The next step is to ensure that the name
attribute
on each form control matches the full name of the corresponding
field. XForms defines a hierarchical naming scheme using the name
attribute for each level in the hierarchy. The full name of a
field is given by the sequence of names from top to bottom of the
hierarchy. In the example, the field for the street is identified
by purchaseOrder.shipTo.street
.
Specifying a name
attribute on the following XHTML
form elements binds it to an element in the instance data with the
same fully qualified name:
<input>
<select>
<textarea>
<object>
The initial value of an XHTML form control is the value of the
bound instance data. The <button>
element can
be used to submit the form via a call to a script function,
supplying the id value for the XForm as an argument. The script
can use the DOM to traverse the markup defining the data model
to build the XML representation of the data.
Contributed by Mike Cowlishaw, IBM
Why is decimal arithmetic the right thing to use?
-- Many common decimal quantities (for example, 0.1) cannot be represented exactly in a binary floating point representation; binary floating point is a lossy encoding of decimal numbers. This leads to anomalies, even after a single operation, for example:
Division: 1/0.1 ==> 10 (correct) Remainder: 1%0.1 ==> 0.0999999999999995 (incorrect, it should be 0)
Anomalies build up even more rapidly under repeated operations.

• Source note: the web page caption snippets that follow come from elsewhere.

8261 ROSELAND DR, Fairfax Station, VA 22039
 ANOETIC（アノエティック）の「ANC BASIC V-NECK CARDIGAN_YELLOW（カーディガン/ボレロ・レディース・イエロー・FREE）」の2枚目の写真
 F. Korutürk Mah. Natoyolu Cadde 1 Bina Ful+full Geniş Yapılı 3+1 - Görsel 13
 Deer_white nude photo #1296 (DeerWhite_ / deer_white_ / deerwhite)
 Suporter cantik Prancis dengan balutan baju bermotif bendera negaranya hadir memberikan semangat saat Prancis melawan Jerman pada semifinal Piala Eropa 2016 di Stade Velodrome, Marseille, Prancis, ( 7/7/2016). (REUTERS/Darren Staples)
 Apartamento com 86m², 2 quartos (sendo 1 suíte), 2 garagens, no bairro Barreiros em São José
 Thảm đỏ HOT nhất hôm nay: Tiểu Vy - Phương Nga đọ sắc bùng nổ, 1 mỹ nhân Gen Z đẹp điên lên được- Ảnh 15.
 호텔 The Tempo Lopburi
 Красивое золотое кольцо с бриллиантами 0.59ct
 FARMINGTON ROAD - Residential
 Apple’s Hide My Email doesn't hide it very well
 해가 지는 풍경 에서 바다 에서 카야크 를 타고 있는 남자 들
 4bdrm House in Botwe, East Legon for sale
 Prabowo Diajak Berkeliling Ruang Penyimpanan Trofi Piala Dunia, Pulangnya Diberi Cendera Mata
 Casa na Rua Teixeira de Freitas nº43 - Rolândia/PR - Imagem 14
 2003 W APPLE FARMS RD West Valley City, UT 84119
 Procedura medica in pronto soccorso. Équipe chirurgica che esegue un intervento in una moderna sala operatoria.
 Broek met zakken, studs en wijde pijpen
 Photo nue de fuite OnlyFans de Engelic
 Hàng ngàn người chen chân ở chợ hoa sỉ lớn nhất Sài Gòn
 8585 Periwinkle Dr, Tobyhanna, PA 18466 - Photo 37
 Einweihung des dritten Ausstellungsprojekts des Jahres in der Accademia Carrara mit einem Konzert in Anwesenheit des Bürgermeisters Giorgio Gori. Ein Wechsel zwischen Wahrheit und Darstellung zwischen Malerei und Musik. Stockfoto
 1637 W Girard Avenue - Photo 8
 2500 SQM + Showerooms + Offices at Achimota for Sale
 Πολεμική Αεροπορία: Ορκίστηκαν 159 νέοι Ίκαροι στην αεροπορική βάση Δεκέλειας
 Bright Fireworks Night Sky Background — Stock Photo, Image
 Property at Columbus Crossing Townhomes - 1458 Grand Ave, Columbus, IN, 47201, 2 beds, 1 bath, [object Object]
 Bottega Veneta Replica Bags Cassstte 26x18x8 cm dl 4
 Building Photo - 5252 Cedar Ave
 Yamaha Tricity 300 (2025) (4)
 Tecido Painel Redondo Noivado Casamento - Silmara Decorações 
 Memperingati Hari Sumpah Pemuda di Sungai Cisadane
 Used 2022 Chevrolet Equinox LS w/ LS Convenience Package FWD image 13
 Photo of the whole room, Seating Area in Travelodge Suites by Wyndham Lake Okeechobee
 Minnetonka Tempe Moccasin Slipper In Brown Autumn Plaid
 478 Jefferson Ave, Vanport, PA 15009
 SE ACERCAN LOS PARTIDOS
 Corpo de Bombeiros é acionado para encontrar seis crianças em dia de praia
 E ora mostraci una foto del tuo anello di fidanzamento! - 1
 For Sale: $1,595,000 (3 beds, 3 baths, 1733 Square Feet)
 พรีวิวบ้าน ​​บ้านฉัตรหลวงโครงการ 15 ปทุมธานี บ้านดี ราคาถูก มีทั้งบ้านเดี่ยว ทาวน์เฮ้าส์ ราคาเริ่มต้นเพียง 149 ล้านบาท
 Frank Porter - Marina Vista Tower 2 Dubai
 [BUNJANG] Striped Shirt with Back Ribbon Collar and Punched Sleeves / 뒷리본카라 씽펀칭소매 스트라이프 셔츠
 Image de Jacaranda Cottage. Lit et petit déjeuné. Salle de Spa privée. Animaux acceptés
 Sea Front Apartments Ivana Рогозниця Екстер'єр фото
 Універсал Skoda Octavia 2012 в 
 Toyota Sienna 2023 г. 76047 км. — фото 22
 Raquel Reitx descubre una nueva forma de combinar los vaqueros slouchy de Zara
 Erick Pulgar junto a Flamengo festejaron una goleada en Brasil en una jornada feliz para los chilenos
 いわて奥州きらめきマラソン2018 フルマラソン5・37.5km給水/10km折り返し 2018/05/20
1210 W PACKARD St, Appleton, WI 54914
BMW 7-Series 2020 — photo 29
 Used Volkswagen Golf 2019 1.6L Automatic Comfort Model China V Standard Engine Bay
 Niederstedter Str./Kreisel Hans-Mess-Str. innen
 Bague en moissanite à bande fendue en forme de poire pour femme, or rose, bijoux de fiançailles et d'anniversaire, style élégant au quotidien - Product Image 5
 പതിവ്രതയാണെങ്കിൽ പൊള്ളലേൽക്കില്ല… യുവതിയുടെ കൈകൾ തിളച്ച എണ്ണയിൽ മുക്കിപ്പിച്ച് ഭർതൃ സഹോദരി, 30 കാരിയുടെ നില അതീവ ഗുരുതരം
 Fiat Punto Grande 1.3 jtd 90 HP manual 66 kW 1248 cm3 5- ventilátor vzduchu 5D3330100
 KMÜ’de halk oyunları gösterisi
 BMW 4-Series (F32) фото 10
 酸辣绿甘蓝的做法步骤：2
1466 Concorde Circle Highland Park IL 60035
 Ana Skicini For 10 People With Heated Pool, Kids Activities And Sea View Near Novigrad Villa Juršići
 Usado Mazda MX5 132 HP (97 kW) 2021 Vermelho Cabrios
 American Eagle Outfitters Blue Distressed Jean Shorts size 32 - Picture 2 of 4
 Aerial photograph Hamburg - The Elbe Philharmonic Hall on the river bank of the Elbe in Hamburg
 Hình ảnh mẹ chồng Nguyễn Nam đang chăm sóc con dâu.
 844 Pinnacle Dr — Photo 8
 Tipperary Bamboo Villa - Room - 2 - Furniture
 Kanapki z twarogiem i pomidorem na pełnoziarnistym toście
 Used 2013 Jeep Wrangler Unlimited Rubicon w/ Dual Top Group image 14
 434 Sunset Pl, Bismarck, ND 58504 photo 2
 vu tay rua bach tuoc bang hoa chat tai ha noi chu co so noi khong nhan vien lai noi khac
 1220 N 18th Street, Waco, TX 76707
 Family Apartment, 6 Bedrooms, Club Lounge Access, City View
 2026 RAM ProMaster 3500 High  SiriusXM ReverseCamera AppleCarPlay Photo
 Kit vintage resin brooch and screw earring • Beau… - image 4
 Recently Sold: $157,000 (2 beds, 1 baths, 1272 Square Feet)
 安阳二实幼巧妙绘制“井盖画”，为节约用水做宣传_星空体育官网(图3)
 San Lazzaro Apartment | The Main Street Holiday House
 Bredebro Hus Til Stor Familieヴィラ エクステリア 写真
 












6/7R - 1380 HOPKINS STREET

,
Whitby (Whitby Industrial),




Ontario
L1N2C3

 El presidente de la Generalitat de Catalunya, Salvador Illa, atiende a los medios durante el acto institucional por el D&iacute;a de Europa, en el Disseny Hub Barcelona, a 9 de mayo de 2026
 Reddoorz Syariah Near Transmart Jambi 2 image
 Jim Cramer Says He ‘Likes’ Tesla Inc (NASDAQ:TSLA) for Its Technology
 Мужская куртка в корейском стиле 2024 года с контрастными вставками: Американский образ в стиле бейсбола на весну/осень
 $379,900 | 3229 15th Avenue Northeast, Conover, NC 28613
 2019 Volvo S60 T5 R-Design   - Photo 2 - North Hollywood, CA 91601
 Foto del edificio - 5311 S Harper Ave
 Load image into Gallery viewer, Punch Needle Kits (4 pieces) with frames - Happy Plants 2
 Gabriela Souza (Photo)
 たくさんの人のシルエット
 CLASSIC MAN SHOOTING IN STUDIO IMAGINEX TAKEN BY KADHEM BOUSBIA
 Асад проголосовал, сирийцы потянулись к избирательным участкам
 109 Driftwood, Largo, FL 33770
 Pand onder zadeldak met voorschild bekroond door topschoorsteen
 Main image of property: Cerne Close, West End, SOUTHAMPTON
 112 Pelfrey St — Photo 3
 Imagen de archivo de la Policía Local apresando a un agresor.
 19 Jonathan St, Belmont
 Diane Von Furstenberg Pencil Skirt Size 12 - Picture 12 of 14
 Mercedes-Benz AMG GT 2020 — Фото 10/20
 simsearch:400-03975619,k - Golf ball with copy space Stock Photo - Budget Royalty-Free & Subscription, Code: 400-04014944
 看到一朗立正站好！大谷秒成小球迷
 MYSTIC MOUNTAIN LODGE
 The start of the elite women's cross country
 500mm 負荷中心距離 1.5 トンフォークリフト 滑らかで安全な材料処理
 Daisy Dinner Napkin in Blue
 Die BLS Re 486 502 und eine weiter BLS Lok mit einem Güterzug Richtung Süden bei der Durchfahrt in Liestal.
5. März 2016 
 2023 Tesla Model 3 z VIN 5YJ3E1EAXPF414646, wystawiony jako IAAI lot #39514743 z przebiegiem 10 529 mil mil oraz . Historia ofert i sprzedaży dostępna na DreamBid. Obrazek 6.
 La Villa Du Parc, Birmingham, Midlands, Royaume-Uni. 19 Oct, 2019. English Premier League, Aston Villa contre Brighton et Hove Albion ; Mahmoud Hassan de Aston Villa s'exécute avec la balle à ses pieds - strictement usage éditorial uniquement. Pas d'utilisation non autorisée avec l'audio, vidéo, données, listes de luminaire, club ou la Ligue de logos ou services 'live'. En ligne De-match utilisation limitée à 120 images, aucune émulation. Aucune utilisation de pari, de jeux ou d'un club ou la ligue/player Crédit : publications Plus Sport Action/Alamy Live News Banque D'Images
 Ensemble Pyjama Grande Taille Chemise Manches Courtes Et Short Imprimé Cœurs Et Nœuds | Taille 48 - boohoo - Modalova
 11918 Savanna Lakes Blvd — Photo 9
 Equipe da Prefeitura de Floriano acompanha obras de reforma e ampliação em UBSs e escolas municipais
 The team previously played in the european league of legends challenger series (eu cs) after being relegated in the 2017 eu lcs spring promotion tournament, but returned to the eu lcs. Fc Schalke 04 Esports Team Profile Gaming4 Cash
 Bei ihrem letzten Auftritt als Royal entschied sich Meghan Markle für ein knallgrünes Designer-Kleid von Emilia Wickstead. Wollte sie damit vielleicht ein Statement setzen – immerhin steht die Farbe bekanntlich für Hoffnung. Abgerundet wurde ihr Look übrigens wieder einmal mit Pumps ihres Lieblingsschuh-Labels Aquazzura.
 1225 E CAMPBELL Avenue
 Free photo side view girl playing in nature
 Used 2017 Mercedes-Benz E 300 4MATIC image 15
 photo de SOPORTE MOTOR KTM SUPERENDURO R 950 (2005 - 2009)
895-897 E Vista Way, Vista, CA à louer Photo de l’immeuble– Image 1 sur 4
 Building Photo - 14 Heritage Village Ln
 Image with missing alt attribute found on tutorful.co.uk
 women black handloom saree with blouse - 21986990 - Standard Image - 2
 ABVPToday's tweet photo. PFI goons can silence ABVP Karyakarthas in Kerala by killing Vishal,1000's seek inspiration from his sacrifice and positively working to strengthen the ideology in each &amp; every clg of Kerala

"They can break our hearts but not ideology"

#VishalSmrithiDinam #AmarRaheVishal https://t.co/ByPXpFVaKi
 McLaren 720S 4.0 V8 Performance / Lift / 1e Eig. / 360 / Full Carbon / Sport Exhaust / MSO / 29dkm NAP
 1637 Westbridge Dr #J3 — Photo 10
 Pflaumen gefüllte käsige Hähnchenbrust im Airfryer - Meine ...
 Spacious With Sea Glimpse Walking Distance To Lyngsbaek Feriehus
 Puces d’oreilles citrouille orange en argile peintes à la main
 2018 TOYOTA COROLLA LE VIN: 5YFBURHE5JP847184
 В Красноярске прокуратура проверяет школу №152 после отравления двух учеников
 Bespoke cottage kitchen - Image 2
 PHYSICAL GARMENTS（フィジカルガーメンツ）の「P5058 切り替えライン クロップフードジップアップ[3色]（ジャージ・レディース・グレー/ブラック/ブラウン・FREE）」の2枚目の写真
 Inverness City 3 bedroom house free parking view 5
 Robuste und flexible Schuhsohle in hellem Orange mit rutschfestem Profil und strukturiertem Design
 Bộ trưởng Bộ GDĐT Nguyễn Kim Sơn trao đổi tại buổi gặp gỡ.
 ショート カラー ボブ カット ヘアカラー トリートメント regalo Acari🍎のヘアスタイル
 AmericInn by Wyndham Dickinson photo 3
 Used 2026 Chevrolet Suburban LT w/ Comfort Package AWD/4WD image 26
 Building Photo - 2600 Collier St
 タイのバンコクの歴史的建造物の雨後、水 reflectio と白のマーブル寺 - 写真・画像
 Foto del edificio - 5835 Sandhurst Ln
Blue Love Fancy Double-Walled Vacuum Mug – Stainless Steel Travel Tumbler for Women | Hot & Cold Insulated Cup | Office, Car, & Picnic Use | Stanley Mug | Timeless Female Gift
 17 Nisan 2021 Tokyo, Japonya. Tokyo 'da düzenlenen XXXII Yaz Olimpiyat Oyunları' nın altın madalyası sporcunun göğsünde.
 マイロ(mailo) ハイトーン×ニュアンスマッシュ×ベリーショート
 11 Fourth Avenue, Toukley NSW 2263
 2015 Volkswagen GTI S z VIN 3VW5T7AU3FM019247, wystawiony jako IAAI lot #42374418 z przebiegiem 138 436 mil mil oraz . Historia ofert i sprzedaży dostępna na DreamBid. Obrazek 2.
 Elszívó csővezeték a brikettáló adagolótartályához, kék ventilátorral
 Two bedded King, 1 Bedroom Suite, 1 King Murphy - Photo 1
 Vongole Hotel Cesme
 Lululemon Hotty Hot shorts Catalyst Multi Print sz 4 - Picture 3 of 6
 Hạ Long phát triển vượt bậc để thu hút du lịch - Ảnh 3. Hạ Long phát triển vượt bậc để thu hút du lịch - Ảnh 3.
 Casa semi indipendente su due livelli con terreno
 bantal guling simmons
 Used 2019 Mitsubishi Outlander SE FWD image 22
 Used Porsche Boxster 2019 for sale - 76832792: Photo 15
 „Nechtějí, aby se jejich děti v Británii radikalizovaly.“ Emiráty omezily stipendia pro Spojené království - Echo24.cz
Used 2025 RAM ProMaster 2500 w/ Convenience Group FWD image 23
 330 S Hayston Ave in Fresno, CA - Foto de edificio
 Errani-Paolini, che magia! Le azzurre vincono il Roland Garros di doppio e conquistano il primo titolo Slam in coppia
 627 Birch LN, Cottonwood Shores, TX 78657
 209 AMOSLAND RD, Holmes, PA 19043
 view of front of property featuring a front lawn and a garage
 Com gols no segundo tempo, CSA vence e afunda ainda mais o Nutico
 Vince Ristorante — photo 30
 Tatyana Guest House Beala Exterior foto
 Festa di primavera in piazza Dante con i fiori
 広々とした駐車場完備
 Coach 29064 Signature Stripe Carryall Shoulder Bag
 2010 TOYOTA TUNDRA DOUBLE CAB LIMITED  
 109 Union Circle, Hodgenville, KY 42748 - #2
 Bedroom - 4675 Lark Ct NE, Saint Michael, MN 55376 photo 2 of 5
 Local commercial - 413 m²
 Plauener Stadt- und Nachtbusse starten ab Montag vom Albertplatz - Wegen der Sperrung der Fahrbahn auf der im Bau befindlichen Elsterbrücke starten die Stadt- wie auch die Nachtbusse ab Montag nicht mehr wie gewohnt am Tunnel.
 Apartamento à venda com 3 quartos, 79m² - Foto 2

-- These anomalies are visible even if rounding is applied (the latter result, for example, rounds to 0.1 instead of 0).
-- The anomalies lead to discrepancies between the results obtained 'manually' and those obtained by computer. This makes it difficult and expensive to verify algorithms and test software.
-- As a result, customers complain at unexpected results and there are significant increased costs in application development, service calls, and maintenance.
Issues of performance:
Binary floating point is often carried out in hardware, and is in that case faster than decimal arithmetic which on most computers is implemented in software. However:
-- Few commercial applications spend much time carrying out arithmetic; measurements in an interpreted environment using decimal arithmetic suggest a typical figure is 8% of execution time is in arithmetic.
-- Conversions between decimal and string (readable) forms are simpler and more efficient than those between binary and string.
-- The bulk of numeric data stored in databases is held in decimal form (to avoid the anomalies described above); converting these to and from a binary form is inefficient as well as lossy.
-- In practice, the 'default' decimal precision (9 digits) can be very efficiently implemented using 32-bit integers for mantissa and exponent. This implementation would be especially attractive on 'small' devices.
-- In addition, all widely used microprocessor, mini, and mainframe computers (other than RISC machines) provide native decimal instructions or decimal adjustment operations.